## [ACTION ITEM]
Reproduce the first line of the material below and each line after it, exactly, through the line containing "Matías Prats y", and give nothing more.

## [DATA RECORDS]
---*---
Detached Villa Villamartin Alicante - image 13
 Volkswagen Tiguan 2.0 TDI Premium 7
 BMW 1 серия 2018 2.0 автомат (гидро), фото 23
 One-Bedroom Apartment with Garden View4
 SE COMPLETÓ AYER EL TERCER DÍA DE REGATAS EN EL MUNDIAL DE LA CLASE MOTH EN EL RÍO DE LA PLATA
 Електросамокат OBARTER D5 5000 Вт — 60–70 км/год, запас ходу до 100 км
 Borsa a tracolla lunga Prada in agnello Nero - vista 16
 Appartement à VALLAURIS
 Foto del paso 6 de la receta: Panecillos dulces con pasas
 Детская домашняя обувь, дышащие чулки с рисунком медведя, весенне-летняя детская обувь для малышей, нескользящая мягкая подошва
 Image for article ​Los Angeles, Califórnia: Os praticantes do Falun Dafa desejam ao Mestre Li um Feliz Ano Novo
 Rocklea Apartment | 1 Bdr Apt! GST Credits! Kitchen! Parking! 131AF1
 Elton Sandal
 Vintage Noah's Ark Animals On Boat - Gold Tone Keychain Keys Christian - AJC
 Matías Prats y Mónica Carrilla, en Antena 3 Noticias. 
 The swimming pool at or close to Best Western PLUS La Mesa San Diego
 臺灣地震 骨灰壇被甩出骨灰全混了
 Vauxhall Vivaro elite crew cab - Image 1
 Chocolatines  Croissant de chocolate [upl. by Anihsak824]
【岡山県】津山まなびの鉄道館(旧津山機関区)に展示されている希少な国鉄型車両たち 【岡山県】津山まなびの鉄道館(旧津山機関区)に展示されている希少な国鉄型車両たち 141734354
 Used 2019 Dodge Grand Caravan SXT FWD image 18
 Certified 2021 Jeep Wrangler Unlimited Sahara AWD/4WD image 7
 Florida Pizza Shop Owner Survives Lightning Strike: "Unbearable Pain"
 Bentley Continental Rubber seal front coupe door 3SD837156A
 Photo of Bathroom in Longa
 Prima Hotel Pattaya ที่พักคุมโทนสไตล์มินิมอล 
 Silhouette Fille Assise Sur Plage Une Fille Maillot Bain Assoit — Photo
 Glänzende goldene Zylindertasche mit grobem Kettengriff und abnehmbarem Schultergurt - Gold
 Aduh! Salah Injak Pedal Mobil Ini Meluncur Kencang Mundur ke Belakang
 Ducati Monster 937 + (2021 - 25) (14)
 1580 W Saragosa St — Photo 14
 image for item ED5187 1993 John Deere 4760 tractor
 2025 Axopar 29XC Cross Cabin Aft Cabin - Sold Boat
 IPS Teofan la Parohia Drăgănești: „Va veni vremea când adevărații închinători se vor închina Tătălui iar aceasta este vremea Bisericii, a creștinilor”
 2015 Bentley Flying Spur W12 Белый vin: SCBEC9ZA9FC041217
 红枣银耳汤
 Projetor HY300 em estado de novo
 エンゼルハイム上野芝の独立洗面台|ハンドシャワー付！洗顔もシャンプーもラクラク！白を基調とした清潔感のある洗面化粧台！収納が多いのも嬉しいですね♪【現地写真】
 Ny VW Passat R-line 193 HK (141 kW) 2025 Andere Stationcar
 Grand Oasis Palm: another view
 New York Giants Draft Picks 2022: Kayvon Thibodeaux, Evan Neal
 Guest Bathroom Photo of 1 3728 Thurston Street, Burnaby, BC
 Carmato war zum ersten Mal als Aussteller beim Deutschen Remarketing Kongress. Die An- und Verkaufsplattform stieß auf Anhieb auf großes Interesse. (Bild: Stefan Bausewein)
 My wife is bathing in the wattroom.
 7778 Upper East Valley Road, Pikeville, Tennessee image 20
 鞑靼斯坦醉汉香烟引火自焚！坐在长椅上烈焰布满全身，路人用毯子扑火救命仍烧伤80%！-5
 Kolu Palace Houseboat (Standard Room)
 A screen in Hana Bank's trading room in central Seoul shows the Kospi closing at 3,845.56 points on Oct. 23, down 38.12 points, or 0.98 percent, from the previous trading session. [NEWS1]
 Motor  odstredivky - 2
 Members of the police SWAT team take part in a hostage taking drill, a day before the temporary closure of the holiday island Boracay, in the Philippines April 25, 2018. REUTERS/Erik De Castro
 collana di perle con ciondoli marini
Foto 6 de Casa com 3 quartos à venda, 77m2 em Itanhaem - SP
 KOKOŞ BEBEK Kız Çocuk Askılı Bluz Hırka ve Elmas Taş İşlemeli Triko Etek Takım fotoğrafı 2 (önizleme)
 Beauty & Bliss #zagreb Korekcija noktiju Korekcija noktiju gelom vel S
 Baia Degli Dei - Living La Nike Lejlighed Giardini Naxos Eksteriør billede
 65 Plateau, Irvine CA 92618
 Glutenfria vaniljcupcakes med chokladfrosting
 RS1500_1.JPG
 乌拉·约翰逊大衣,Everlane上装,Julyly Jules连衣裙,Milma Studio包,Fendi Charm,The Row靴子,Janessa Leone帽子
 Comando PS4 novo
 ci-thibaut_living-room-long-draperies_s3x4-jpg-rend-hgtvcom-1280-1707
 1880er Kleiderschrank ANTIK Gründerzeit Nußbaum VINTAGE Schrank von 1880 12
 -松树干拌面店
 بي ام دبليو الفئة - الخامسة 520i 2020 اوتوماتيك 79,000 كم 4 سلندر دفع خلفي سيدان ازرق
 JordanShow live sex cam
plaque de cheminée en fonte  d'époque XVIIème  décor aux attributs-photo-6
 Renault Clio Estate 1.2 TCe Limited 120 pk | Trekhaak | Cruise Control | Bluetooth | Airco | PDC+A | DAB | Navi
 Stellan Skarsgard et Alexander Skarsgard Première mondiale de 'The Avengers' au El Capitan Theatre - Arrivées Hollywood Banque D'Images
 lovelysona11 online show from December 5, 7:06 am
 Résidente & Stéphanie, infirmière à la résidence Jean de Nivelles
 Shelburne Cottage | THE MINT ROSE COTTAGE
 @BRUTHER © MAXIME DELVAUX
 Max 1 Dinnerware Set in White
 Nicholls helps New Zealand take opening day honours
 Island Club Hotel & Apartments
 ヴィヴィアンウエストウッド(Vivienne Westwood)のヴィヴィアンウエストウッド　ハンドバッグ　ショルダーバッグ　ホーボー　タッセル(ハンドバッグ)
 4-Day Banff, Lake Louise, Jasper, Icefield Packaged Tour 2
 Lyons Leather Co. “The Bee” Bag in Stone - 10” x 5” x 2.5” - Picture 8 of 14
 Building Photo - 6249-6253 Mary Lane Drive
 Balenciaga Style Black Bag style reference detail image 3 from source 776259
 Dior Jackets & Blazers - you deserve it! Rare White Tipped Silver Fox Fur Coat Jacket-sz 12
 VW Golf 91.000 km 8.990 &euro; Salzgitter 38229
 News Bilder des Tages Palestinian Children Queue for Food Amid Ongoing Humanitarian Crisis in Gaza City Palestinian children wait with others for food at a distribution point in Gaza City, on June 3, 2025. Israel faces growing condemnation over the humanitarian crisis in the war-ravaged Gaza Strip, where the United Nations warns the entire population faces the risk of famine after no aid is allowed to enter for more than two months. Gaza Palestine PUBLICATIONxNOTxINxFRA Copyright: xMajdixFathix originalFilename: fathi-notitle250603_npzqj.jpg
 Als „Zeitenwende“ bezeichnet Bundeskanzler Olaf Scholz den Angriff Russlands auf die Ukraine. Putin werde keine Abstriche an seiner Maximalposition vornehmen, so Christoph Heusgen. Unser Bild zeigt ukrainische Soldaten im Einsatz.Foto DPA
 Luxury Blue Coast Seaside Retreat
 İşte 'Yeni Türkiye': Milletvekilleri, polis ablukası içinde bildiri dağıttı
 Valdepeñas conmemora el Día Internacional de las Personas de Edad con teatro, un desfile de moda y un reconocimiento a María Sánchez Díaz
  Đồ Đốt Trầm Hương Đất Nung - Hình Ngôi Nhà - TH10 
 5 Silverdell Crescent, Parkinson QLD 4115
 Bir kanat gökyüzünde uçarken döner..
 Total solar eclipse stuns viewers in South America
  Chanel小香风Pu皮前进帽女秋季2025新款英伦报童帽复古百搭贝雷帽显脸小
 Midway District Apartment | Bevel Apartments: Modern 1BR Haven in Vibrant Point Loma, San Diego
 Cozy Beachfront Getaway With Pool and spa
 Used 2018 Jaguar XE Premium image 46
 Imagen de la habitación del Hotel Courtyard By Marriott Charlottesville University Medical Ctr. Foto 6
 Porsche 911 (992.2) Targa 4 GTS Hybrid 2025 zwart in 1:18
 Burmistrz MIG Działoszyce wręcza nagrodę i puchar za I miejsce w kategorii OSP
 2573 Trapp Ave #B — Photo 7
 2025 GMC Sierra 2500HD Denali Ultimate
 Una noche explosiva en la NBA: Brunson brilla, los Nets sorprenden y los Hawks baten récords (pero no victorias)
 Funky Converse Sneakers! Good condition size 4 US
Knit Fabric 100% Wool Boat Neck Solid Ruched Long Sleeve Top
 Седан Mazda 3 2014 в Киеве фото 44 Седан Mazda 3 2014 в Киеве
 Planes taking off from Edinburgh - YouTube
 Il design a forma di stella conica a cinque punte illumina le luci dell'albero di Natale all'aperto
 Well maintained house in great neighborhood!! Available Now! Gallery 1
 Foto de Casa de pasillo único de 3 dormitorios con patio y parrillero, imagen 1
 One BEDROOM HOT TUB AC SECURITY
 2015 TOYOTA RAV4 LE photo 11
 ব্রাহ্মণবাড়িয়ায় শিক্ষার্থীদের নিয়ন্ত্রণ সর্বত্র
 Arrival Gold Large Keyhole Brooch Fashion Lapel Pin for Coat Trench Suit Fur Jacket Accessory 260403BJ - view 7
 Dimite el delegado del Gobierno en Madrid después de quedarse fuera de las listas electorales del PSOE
---*---
## [COMPLETED EXERCISE]
Detached Villa Villamartin Alicante - image 13
 Volkswagen Tiguan 2.0 TDI Premium 7
 BMW 1 серия 2018 2.0 автомат (гидро), фото 23
 One-Bedroom Apartment with Garden View4
 SE COMPLETÓ AYER EL TERCER DÍA DE REGATAS EN EL MUNDIAL DE LA CLASE MOTH EN EL RÍO DE LA PLATA
 Електросамокат OBARTER D5 5000 Вт — 60–70 км/год, запас ходу до 100 км
 Borsa a tracolla lunga Prada in agnello Nero - vista 16
 Appartement à VALLAURIS
 Foto del paso 6 de la receta: Panecillos dulces con pasas
 Детская домашняя обувь, дышащие чулки с рисунком медведя, весенне-летняя детская обувь для малышей, нескользящая мягкая подошва
 Image for article ​Los Angeles, Califórnia: Os praticantes do Falun Dafa desejam ao Mestre Li um Feliz Ano Novo
 Rocklea Apartment | 1 Bdr Apt! GST Credits! Kitchen! Parking! 131AF1
 Elton Sandal
 Vintage Noah's Ark Animals On Boat - Gold Tone Keychain Keys Christian - AJC
 Matías Prats y Mónica Carrilla, en Antena 3 Noticias. 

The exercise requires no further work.